**WORK ITEM**
Through to the final line, write out the records below exactly, omitting any images they contain.

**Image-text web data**
▬▬▬▬▬▬

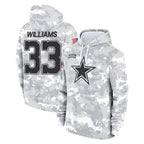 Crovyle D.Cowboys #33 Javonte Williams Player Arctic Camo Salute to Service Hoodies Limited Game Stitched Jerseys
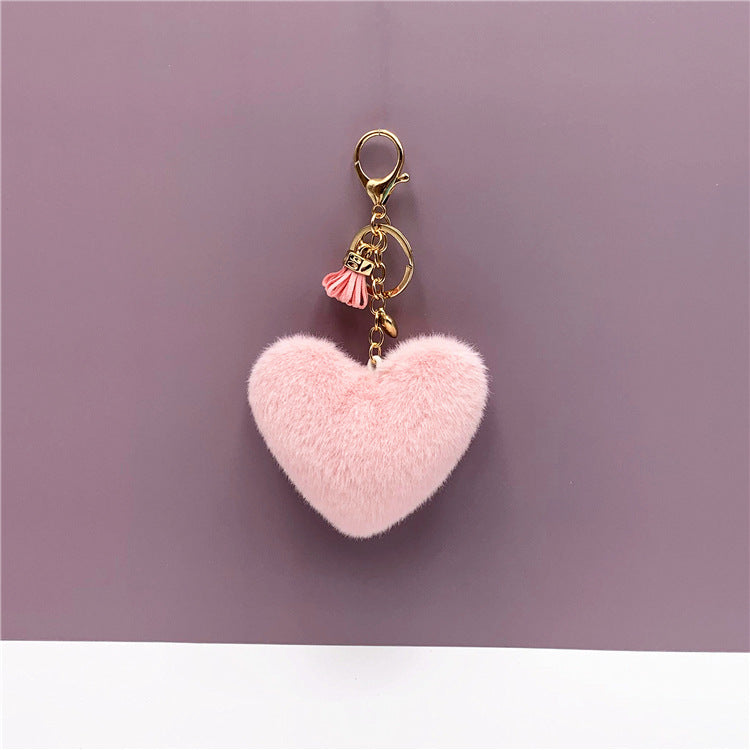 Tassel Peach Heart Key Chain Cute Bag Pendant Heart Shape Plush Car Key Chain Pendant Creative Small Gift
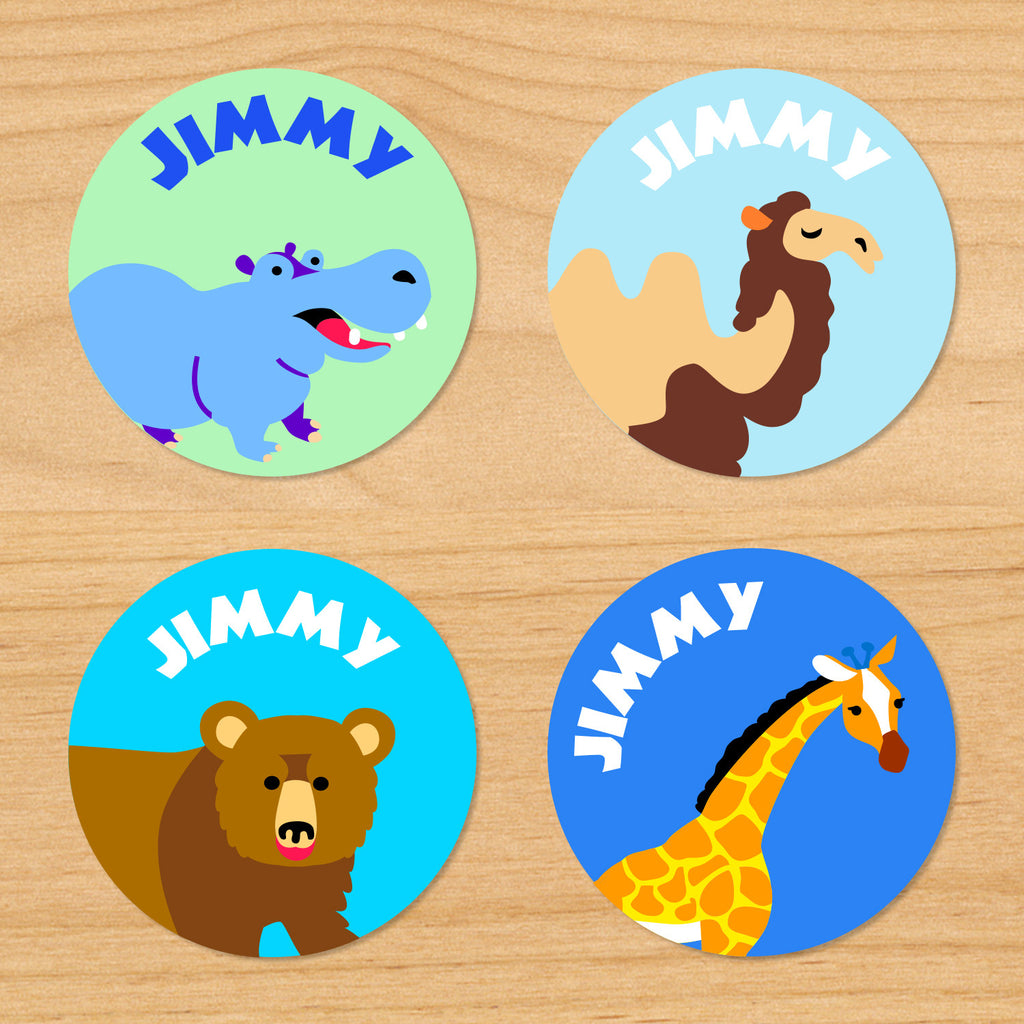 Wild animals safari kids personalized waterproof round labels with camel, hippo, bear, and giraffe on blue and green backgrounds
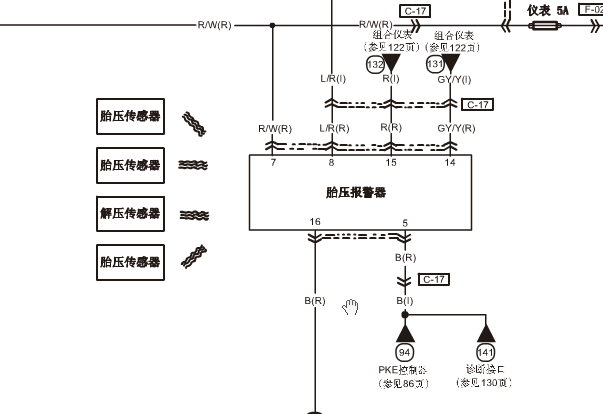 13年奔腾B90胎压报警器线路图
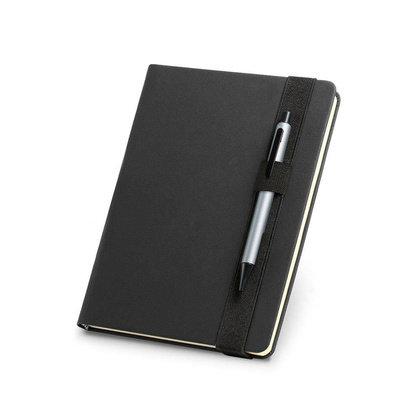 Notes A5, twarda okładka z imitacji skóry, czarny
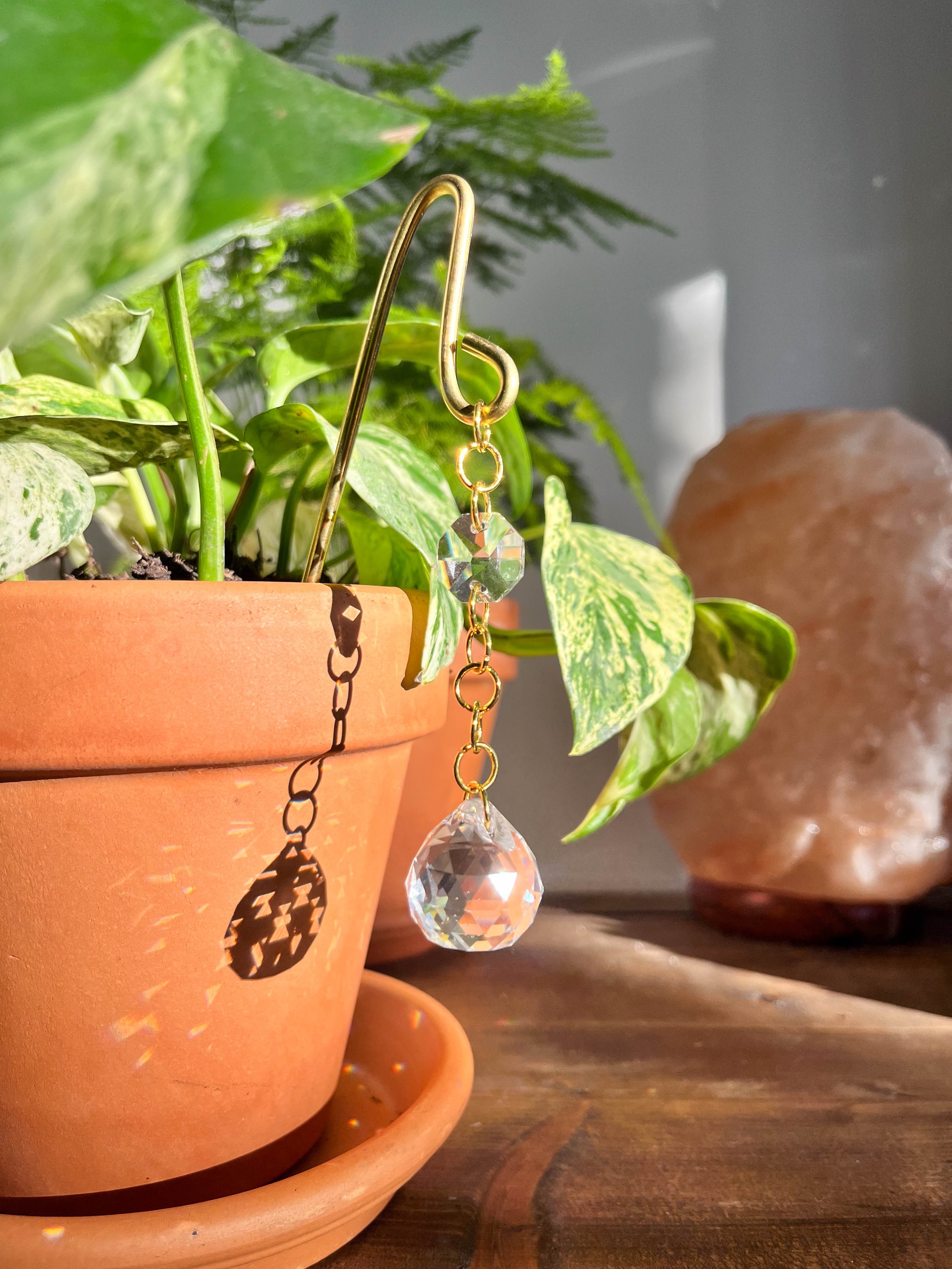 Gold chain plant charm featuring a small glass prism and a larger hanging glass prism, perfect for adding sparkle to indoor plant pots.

▬▬▬▬▬▬

**EXERCISE OUTPUT**
 Crovyle D.Cowboys #33 Javonte Williams Player Arctic Camo Salute to Service Hoodies Limited Game Stitched Jerseys
 Tassel Peach Heart Key Chain Cute Bag Pendant Heart Shape Plush Car Key Chain Pendant Creative Small Gift
 Wild animals safari kids personalized waterproof round labels with camel, hippo, bear, and giraffe on blue and green backgrounds
 13年奔腾B90胎压报警器线路图
 Notes A5, twarda okładka z imitacji skóry, czarny
 Gold chain plant charm featuring a small glass prism and a larger hanging glass prism, perfect for adding sparkle to indoor plant pots.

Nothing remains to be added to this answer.